It did not broker an agreement, hence the debate that I am leading in the House of Lords today on the implications for our future trade relations.
Why does the G7 matter? Precisely because it is supposed to bridge trade relations between the EU and world trade through the World Trade Organisation.
The background to this month’s summit was the latest UK trade figures in April 2018 showing a widening of the total UK trade deficit to £9.7bn. This change was due mainly to falling exports of both goods and services.
Given the fact that we are negotiating our exit from the European Union, it is perhaps unsurprising that our trade deficit in goods with EU countries grew while it improved with other nations.
However trade relations pose the greatest threat to the global order. Post- Brexit, the UK wants to negotiate its own trade deals, with the Government aiming to strike a deal with the EU and subsequently with America, India, Australia and so on.
Success will depend on all the players playing by the rules and this is doubtful following President Donald Trump’s behaviour at the aforementioned summit over the introduction of tariffs.
That said, Yorkshire seems to have bucked the trend. Trade figures show the region outperformed the national average in the first three months of 2018.
In terms of food and farming, Yorkshire is also well placed to compete both with other regions of the UK, and also internationally.
Exports to China from Yorkshire are growing – helped by the sale of pigs’ trotters. In parts of China, they are considered to be delicacies.
However the EU is the UK’s most important market for food and drink exports, generating £13.3bn of the total of food and drink exports for 2017 and accounting for 60 per cent of the total, followed by the US and China.
The EU has 36 preferential trade agreements with more than 60 countries, representing 15 per cent of all UK traded goods not just food and drink.
Many Commonwealth countries have Economic Partnership Agreements with the EU giving preferential access for their goods to what will be a market of 440 million consumers after Brexit.

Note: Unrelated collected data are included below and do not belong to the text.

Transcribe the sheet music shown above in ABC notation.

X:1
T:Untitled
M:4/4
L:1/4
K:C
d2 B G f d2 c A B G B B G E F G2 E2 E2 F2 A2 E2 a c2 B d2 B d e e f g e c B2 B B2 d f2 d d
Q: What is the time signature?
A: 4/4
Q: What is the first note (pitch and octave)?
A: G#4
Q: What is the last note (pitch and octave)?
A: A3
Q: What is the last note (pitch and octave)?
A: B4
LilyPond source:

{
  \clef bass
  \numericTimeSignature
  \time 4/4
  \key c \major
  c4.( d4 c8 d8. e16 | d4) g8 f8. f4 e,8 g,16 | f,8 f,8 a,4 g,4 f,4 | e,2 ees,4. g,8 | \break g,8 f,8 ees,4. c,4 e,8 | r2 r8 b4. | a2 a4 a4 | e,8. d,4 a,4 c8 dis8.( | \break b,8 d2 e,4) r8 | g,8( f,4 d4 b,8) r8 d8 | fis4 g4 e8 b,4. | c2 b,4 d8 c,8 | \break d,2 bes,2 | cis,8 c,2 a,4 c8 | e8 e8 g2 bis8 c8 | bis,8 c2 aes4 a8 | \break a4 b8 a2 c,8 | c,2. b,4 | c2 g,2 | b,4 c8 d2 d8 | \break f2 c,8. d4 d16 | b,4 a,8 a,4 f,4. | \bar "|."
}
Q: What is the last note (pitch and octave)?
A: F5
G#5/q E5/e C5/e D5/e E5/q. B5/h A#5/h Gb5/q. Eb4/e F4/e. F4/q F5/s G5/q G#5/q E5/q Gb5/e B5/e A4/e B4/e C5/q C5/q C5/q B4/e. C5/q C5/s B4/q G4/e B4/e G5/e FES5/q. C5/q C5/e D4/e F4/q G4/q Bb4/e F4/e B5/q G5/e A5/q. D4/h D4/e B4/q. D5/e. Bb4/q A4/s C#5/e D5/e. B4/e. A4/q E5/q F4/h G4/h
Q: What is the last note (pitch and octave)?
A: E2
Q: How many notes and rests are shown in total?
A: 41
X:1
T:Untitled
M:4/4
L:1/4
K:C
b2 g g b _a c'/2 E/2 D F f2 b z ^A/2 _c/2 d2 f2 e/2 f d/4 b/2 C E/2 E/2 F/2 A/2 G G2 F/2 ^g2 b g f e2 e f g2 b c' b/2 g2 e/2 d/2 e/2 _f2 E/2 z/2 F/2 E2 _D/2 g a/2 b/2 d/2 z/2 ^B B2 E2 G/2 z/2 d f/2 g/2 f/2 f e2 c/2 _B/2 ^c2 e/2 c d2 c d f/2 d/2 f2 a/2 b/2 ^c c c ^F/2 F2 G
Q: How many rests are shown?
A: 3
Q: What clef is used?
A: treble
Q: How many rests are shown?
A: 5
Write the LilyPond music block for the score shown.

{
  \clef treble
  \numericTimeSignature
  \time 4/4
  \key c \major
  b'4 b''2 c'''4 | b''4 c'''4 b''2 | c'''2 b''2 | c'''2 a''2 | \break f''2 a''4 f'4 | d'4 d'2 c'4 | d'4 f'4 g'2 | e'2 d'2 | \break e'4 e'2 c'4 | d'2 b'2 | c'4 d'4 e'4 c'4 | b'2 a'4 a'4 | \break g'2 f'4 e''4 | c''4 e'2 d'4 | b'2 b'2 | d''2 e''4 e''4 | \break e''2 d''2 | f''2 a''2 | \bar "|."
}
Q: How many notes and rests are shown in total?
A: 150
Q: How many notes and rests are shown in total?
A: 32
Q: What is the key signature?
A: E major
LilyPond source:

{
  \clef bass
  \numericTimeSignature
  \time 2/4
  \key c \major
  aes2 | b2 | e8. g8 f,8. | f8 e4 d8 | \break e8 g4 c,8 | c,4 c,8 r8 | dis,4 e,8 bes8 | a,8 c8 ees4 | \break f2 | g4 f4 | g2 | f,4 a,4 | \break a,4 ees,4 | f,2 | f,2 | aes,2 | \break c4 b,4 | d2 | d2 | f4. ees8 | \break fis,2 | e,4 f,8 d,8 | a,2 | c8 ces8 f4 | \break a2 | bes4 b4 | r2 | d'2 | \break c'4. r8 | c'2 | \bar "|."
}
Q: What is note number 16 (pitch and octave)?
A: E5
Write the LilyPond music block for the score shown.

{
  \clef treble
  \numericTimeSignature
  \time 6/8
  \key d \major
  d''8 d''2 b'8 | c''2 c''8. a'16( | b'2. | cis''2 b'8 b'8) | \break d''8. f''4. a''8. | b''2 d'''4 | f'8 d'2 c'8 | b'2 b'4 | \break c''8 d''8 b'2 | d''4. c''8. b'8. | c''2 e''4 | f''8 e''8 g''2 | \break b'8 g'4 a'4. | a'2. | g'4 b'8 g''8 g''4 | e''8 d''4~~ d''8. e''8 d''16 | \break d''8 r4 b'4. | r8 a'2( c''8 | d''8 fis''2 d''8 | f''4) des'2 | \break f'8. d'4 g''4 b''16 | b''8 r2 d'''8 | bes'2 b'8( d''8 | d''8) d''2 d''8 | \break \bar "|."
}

As a major trading nation, we should welcome every opportunity to improve our international trading relations. So it was a disappointment that the G7 Summit was divisive and inconclusive.
The attempt by President Trump to persuade the G7 partners to re-admit Russia, following on from the decision to impose US tariffs on steel and aluminium poisoned the atmosphere of the talks which were then doomed to fail.
Russia was admitted to the G7 in 1997 and removed in 2014 following the annexation of Crimea. In August 2014, Russia announced a ban on imports covering a wide range of agrifood and drink products from the EU, US, Canada, Australia, Norway, Ukraine and other countries. In the year following the ban’s implementation, UK food and drink exports to Russia fell by 52 per cent. EU food and drink exports to Russia fell by 53 per cent.
US threats to impose tariffs on EU and Chinese exports to the US look set to raise the temperature in international trade talks still further with consequent retaliatory measures. Rising tensions globally do not augur well for trade.
Signs of slower economic growth can only be increased by the prospect of a trade war between the US and the EU and China.
How best to navigate these choppy waters in regard to international trade? Current international tensions highlight the dangers of leaving the EU trading bloc of 505 million consumers of which we have been an intrinsic part since 1973.
Today’s debate will provide the opportunity for the Government to share its priorities for future trade talks, mindful of the importance of these to the food and drink industry as well as other manufacturing sectors.
Baroness Anne McIntosh of Pickering is a Tory peer. She’s the former MP for Thirsk and Malton.